(THE DATA)

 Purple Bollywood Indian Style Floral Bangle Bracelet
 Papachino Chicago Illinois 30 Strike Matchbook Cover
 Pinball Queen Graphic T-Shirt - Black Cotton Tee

(End THE DATA)
(THE DATA)

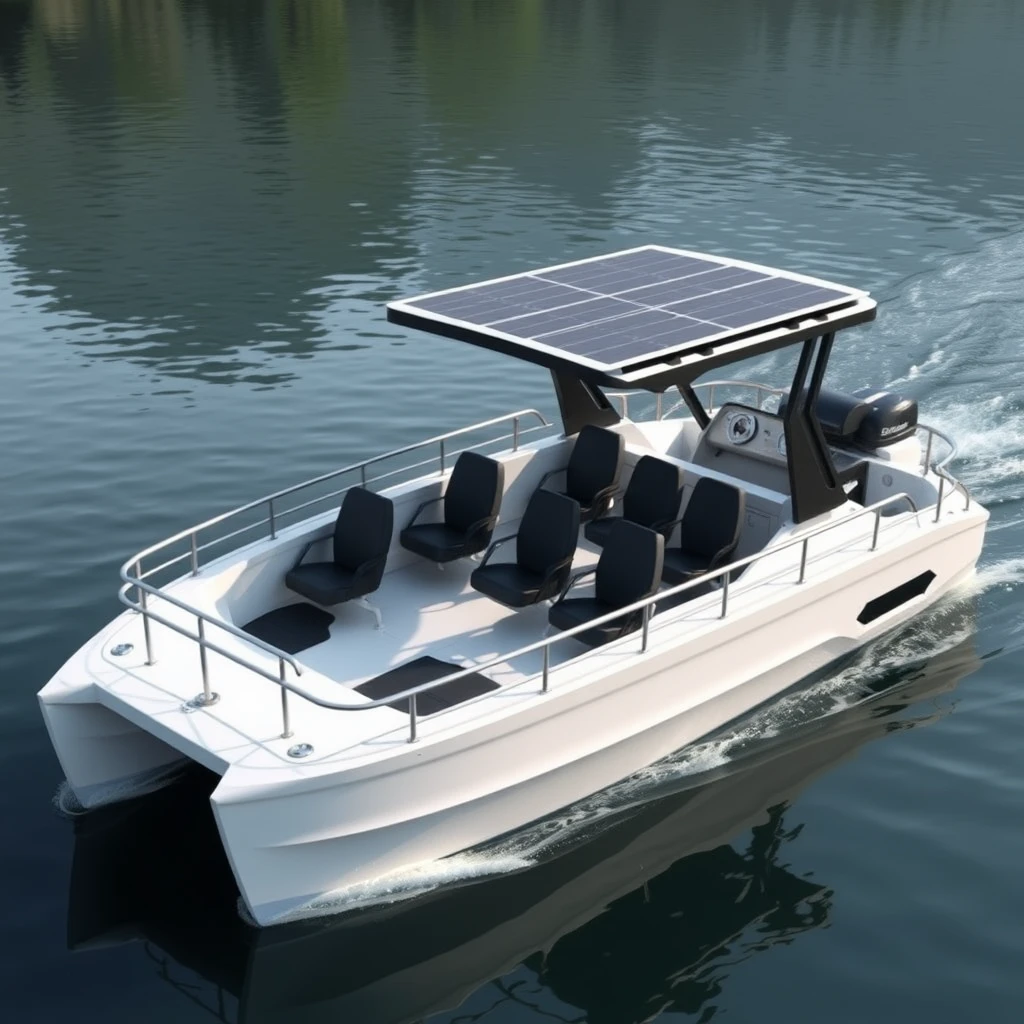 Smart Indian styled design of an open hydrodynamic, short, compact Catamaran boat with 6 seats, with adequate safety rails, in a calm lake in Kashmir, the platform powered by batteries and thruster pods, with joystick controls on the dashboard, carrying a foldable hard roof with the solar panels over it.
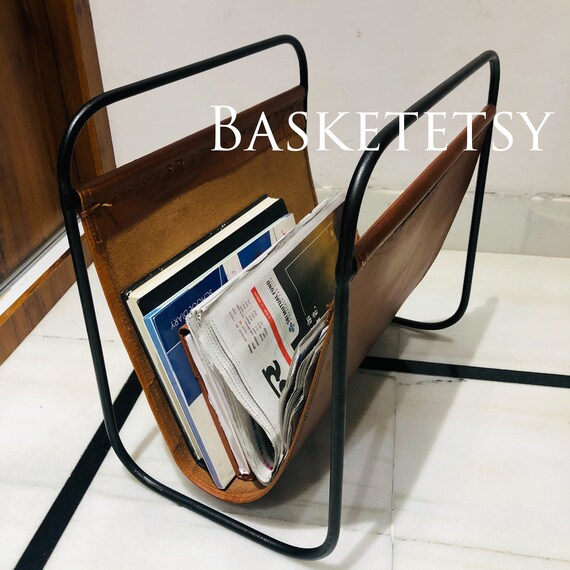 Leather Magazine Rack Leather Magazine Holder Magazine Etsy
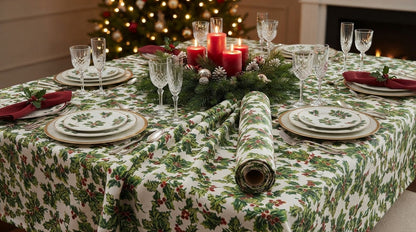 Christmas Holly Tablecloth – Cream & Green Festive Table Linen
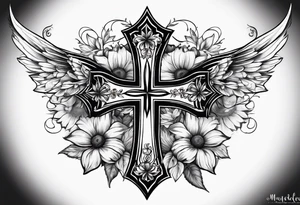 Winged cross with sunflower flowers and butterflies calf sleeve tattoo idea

(End THE DATA)

Pictures are to be left out. Write out only the lines above starting at the one with "Christmas Holly Tablecloth" and ending at the one with "Winged cross with", both lines included, exactly.

 Christmas Holly Tablecloth – Cream & Green Festive Table Linen
 Winged cross with sunflower flowers and butterflies calf sleeve tattoo idea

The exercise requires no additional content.